La réponse sibylline de Jane aurait dû énerver une fois de plus la brunette mais celle-ci était bien trop occupée à dévisager son partenaire pour songer à répliquer : en effet, elle éprouva une étrange impression en croisant le regard de Jane et ne sut trop quoi y lire. A présent le visage de son partenaire était complètement fermé, affichant ce masque de froideur qu'il arborait à chaque fois qu'il s'agissait de son ennemi intime.
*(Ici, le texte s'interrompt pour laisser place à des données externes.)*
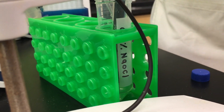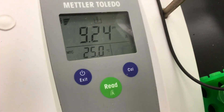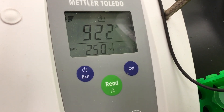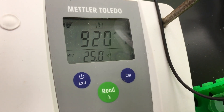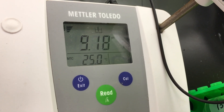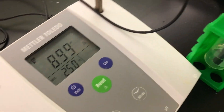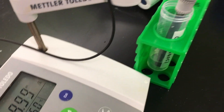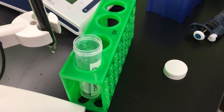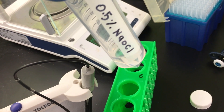We add the sodium bicarbonate drop by drop while observing the pH monitor. About eight drops have been added so far, though the exact number depends on the total volume of buffer you want to prepare. After two more drops, we have finally reached pH 9. Now we have our ducking — docking — solution ready: 0.5% sodium hypochlorite with a pH of 9.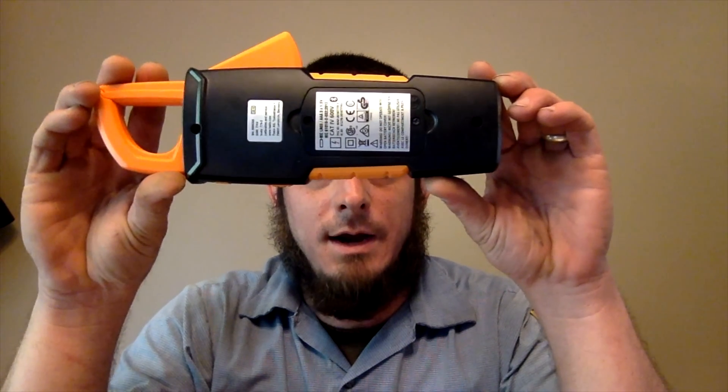The battery compartment is like the rest of the meter — it's got a piece of plastic that indents into the unit to give you a pretty high level of moisture and dust resistance. It is kind of a pain to pull the screws and remove the back, though — a bit aggravating with fat fingers and no fingernails when putting the batteries in originally.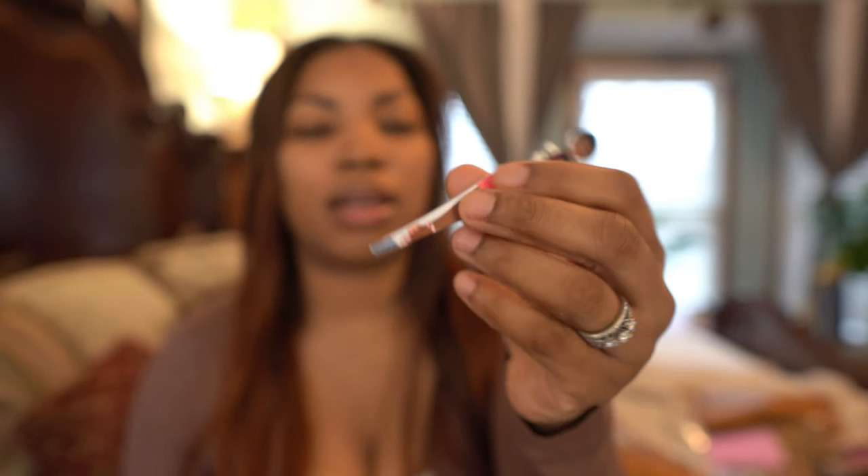Next thing I have is these tweezers I got from Sally's for free — I spent over $20 and they gave these away as a freebie. They had different kinds with different girl designs and colors. And I also have a little thing of perfume — this is Flowerbomb.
Lisbon était habituée à le voir ainsi, mais elle avait eu une drôle d'impression quelques secondes plus tôt : en effet, il lui semblait avoir perçu un bref instant une lueur de satisfaction dans les yeux du mentaliste quand celui-ci reçut le message de la détenue... comme si finalement, le fait de devoir reprendre la chasse et de savoir sa maitresse en cavale loin de toute autorité fédérale le contentait d'une certaine façon.

Lisbon fut sortie de ses pensées par la voix de Jane.

« Ne restons pas là, on ne trouvera rien ici »

Et sans rien dire de plus, il se dirigea vers la sortie des visiteurs. Sa partenaire ne le suivit pas immédiatement, paralysée par une idée détestable qui s'insinuait peu à peu dans son esprit.

Une dizaine de minutes plus tard, Le SUV roulait à vive allure : nul doute que Lisbon et Jane ne mettraient pas trente minutes pour rentrer cette fois. Mais à peine avaient-ils quitté la prison que le téléphone de Lisbon sonna : il s'agissait de Bertram.

« Et merde, il ne manquait plus que ça… » marmonna la brunette qui décrocha néanmoins le téléphone d'une main tout en tenant fermement son volant de l'autre.

La jeune femme n'écouta qu'à moitié les remontrances de son patron, qui lui rappelait combien ils avaient dû manœuvrer et tricher pour obtenir la garde de Lorelei, qu'ils s'étaient mis à dos le FBI, que l'image du CBI allait encore une fois en pâtir, etc…

La litanie du grand chef se poursuivit sur plusieurs minutes durant lesquelles Lisbon, se contentant d'acquiescer mollement, conservait le regard fixé sur la route, l'esprit à des années lumières de ce que lui disait Bertram. A côté d'elle, Jane se tourna un instant vers son équipière et fut surpris de la voir si lointaine, quoiqu'il ne puisse la blâmer de ne guère tenir compte des radotages du grand manitou.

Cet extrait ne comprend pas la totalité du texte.